This finding in a new report on Minnesota’s health care outcomes is heartbreaking: Just 8 percent of adults who seek medical care for depression — one of the most common mental illnesses — will be in remission at six months.

The situation is even grimmer when looking at past years’ findings from the nonprofit Minnesota Community Measurement (MCM) group, which gathers and reports information on health care quality, cost and patient experience to drive state improvement. The 8 percent remission figure hasn’t changed in the last three years, according to MCM’s latest report, which came out last week. That’s shocking in a state that’s home to world-class medical providers.

The imperative to do better is both moral and economic, given that the loss of productivity attributed to depression is estimated at over $23 billion a year nationally. That’s why a respected business organization — the Minnesota Health Action Group — merits praise for stepping up to improve mental health care in the state.

The group’s membership roster is a who’s who of Minnesota companies and includes Target Corp., Thrivent Financial and 3M. That alone gives it a formidable bully pulpit to call attention to the dismal depression outcomes and other findings highlighted in the MCM report.

But the group’s influence goes far beyond that. The reason is that employment is the main way that people access health insurance here and elsewhere. Employer-sponsored plans cover about 53 percent of Minnesotans, according to the Minnesota Department of Health. What that means is that big companies are big purchasers of health care, allowing them to demand accountability and improvement from health plans and medical providers.

A week ago, the Minnesota Health Action Group’s leaders made it clear that they intend to do exactly that on mental health care. After months of careful study and consulting with experts, they have provided a thoughtful guide for employers on how to advance mental health in the workplace.

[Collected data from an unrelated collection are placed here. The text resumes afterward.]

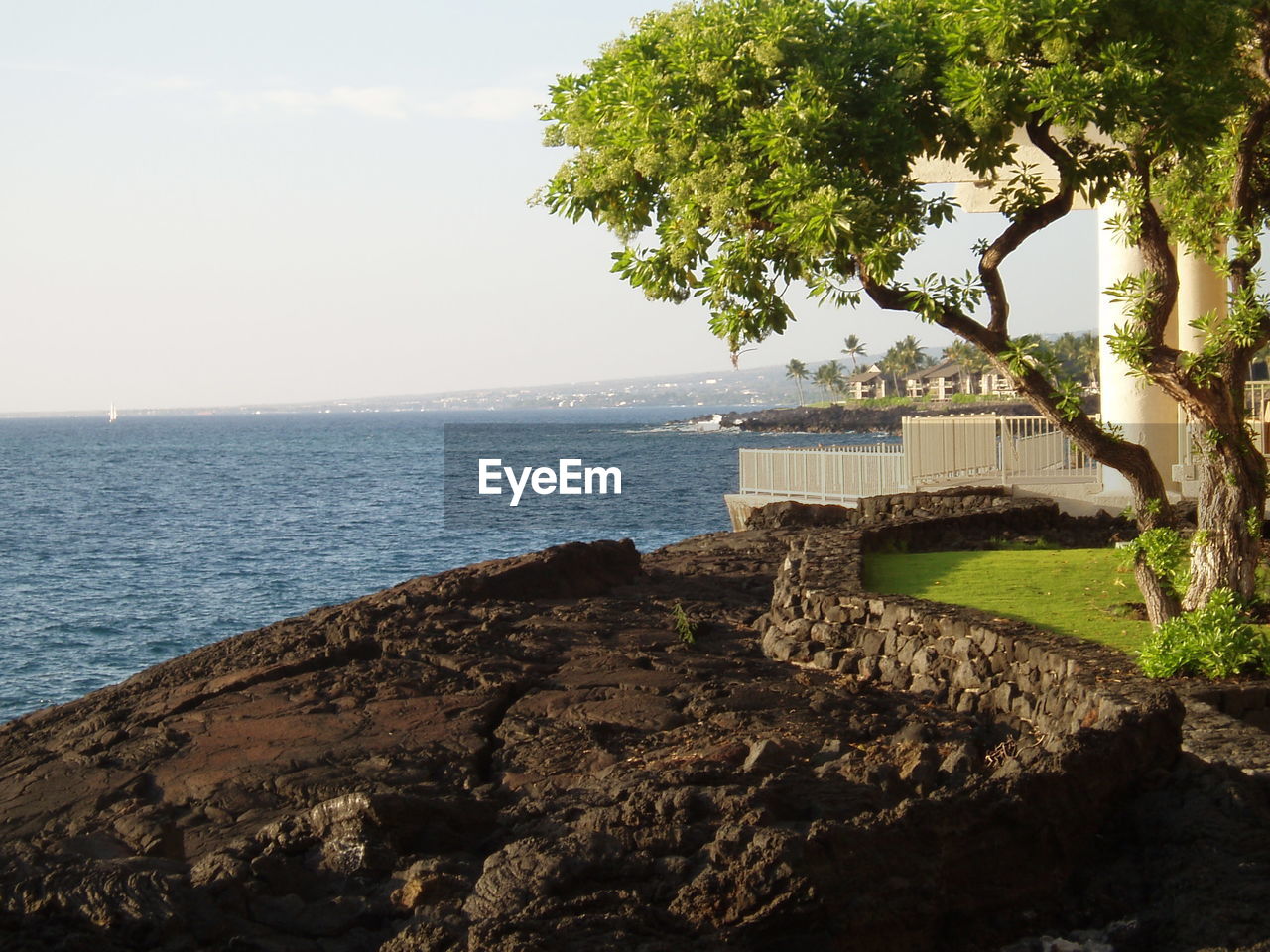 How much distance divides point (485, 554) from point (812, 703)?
2953 cm

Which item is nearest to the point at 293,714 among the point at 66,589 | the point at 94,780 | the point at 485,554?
the point at 94,780

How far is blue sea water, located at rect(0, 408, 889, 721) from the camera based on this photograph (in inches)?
1002

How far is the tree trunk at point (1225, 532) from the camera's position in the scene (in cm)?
933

Among the suggestions: reviewing health coverage for benefit disparities between physical and mental conditions. While a 2008 federal law mandates parity between the two, enforcement unfortunately varies. The reality, according to the Health Action Group’s report, is that “work remains to be done to fulfill the promise of real parity.” For example, the shortage of mental health providers and beds may mean that employees or dependents wait for care longer than those with different medical conditions.

The report also compiled a helpful checklist for employers to strengthen mental health coverage. Strategies include: requiring greater measurement and reporting on these illnesses, ensuring that covered services and drugs keep up with evolving best practices and treatments, and having appointments available quickly for those requiring urgent care.

In addition, the report makes it clear that employers need to communicate their commitment to mental health and work to reduce the stigma that still prevents some from getting needed care.

The state’s mental health advocates understandably applauded the Health Action Group’s effort. This could “have an incredibly positive impact on our mental health system,” said Sue Abderholden, executive director of the Minnesota chapter of the National Alliance on Mental Illness. “We’ve always said our system is held up by three legs — private insurance, public insurance and grants. Private insurance must do more — must cover the very treatment people need to get better — and push for better outcomes with their health care dollars.”

The Health Action Group’s work comes on the heels of another timely employer-led health initiative. This fall, the Minnesota Business Partnership teamed up with the Minnesota Department of Health to develop an opioid “tool kit” to help companies prepare for overdoses in the workplace and encourage treatment.

The resources and clout these groups bring are invaluable in addressing these pressing public health issues. Hopefully, other states’ business communities will follow Minnesota’s admirable lead.